[Records to process — start]
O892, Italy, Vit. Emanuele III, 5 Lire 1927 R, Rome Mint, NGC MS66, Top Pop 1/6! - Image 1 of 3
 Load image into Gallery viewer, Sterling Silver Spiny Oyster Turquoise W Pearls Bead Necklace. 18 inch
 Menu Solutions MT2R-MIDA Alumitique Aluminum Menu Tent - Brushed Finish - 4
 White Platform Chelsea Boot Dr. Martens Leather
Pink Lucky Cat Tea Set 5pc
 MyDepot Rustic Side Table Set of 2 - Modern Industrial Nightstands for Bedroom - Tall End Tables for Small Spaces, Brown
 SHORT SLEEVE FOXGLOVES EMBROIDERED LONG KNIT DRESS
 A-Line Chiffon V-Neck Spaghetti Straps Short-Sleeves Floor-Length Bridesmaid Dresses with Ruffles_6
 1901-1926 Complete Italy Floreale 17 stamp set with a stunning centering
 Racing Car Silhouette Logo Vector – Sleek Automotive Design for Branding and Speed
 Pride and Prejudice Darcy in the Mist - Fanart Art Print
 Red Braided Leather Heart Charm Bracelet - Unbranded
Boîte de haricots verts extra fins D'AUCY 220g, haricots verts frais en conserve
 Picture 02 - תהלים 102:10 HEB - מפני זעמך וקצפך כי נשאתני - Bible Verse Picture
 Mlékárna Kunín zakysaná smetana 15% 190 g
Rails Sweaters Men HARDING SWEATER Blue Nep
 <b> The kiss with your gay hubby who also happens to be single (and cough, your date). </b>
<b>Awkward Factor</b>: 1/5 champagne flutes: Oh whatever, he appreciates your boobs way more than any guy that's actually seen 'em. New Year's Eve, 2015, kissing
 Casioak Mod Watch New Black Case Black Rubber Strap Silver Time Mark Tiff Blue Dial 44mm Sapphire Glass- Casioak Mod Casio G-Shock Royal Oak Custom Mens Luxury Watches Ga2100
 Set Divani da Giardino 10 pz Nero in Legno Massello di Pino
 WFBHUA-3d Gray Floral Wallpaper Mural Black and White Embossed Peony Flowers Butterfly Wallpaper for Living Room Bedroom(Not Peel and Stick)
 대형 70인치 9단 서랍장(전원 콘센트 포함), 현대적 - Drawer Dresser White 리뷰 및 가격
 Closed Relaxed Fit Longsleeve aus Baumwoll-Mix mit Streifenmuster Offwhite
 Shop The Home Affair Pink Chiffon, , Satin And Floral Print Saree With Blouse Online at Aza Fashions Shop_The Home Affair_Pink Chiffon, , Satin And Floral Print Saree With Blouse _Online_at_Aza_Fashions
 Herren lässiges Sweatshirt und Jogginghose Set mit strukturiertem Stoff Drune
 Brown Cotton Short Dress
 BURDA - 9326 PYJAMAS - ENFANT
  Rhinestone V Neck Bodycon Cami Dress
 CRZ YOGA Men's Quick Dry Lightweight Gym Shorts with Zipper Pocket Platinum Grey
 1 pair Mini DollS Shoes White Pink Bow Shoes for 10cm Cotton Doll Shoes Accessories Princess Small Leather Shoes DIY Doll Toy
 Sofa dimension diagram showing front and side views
[Records to process — finish]
In the entries above, one line contains "A-Line Chiffon V-Neck" and another contains "Closed Relaxed Fit". Reproduce exactly those two lines and the lines between them, nothing else.

 A-Line Chiffon V-Neck Spaghetti Straps Short-Sleeves Floor-Length Bridesmaid Dresses with Ruffles_6
 1901-1926 Complete Italy Floreale 17 stamp set with a stunning centering
 Racing Car Silhouette Logo Vector – Sleek Automotive Design for Branding and Speed
 Pride and Prejudice Darcy in the Mist - Fanart Art Print
 Red Braided Leather Heart Charm Bracelet - Unbranded
Boîte de haricots verts extra fins D'AUCY 220g, haricots verts frais en conserve
 Picture 02 - תהלים 102:10 HEB - מפני זעמך וקצפך כי נשאתני - Bible Verse Picture
 Mlékárna Kunín zakysaná smetana 15% 190 g
Rails Sweaters Men HARDING SWEATER Blue Nep
 <b> The kiss with your gay hubby who also happens to be single (and cough, your date). </b>
<b>Awkward Factor</b>: 1/5 champagne flutes: Oh whatever, he appreciates your boobs way more than any guy that's actually seen 'em. New Year's Eve, 2015, kissing
 Casioak Mod Watch New Black Case Black Rubber Strap Silver Time Mark Tiff Blue Dial 44mm Sapphire Glass- Casioak Mod Casio G-Shock Royal Oak Custom Mens Luxury Watches Ga2100
 Set Divani da Giardino 10 pz Nero in Legno Massello di Pino
 WFBHUA-3d Gray Floral Wallpaper Mural Black and White Embossed Peony Flowers Butterfly Wallpaper for Living Room Bedroom(Not Peel and Stick)
 대형 70인치 9단 서랍장(전원 콘센트 포함), 현대적 - Drawer Dresser White 리뷰 및 가격
 Closed Relaxed Fit Longsleeve aus Baumwoll-Mix mit Streifenmuster Offwhite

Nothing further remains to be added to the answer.